Ласково, нежно звучали его слова, кротко глядели голубые, сейчас взволнованные глаза. Весь он, большой, сильный, казалось, готов лечь к ногам девушки и целовать край ее платья.
Ликовало в Жанете ее сердце, невольно подымалась надменная головка, но она сломила этот порыв и покорно, кротко прошептала:
- Ах, если бы мой народ знал тебя, как я... Но... Я научу их... я заставлю их понимать великую душу, чудное сердце моего, сурового с виду, героя...
Мир желает обманов; да будет обманут!
Никогда еще вожаки различных партий в Польше не находились в большем затруднении и напряжении, как накануне первого Сейма при новом "круле", российском императоре Александре.
В самые трудные времена, при Екатерине или при деспоте Наполеоне, не говоря о безликих саксонских королях, не чувствовали в крае так сильно чужой неодолимый гнет, как теперь, в конце 1817, в начале 1818 года.
Наполеон просто отдавал повеления и требовал, чтобы они были выполнены, предоставляя "почтенным, храбрым полякам, своим союзникам" рабски выполнять приказ, но не вмешиваясь в это выполнение. Карающие отряды Екатерины моровой язвой проходили по стране, а затем все оставалось по-прежнему. Надеясь на спасительный страх, императрица только стравливала между собою сильных магнатов, чтобы ослабить последнюю опору польской гордыни.
Теперь было совсем иначе.
С виду соблюдались всевозможные гарантии свободной политической деятельности. Брат польского короля и российского императора почтительно являлся в торжественные дни к князю Зайончеку, наместнику из польской шляхты, и наравне с другими высшими чинами царства докладывал ему о положении вверенных цесаревичу дел по организации королевской польской армии.

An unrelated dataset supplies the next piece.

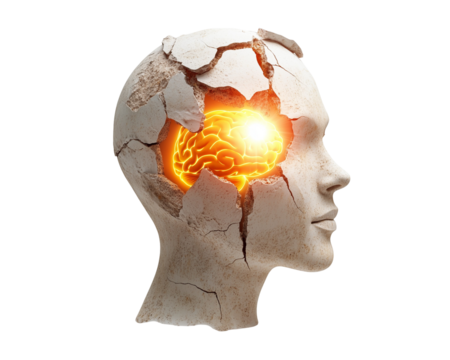 Golden Brain in Broken Dark Sculpture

Но все знали, что тот же Зайончек и Государственный Совет ничего не решают без предварительного осведомления скромного по виду, но самого влиятельного в королевстве "главнокомандующего" всеми силами польской армии. Знали, что каждый шаг, каждое движение партийных вожаков и вообще людей, почему-либо значительных или кажущихся опасными для "москалей", сообщается во дворец Бельведера еще раньше, чем о нем становится известно официальному правительству и безногой "главе его" Зайончеку.
Это страшно угнетало многих. Но положение было таково, что даже нельзя было воспользоваться явными проявлениями насилия и гнева в целях подогреть народные массы, вызвать сильный протест и тем осадить натиск победителей.
В самой России так не следили за малейшими проявлениями политики непонятного, ясного на вид, темного в глубинах души и в замыслах своих короля-императора Александра, как это делали поляки.
И поляки обратили особенное внимание на факт, который в самой России прошел почти незамеченным не только для стомиллионного ее народа, но и для большинства политических и общественных русских деятелей, если таовые в настоящем смысле слова уже существовали тогда.
Выборгская губерния, давно завоеванная и вошедшая в состав империи, была присоединена к новому "домэну" России, к Великому герцогству Финляндскому на тех же правах, на каких подчинилось России это герцогство с его развитым, трудолюбивым и вольнолюбивым народом.
Конечно, для обширной России что мог значить такой клочок, да еще не отданный в чужие руки, а только отчисленный в другое ведомство, к новой области, неразрывно, навеки связанной с остальной империей, под скипетром и властью того же самодержца всероссийского, который носил дополнительно и скромный титул "великого герцога финляндского"...
Но поляки взглянули иначе. Это присоединение оживило в них давнишние мечты о слиянии старинных западных губерний России с новым Царством Польским. Волынь, Литва, Подолия, кто знает, может быть, даже Киев - вот какой кусок в мечтах польских патриотов отпадал от Великороссии, плотно приклеивался к землям великопольским, мазовецким и иным над Вислой и дальше до Галиции...
Окрыленные такими надеждами, самые непримиримые противники слияния Польши с Россией под властью одного императора-короля стали действовать осторожнее, проявили больше умеренности и в обычной политике, и во время выборов в первый польский сейм.
- Пришлось самим себе на время руки связать! - как выразил это граф Мокроновский, один из вожаков оппозиции.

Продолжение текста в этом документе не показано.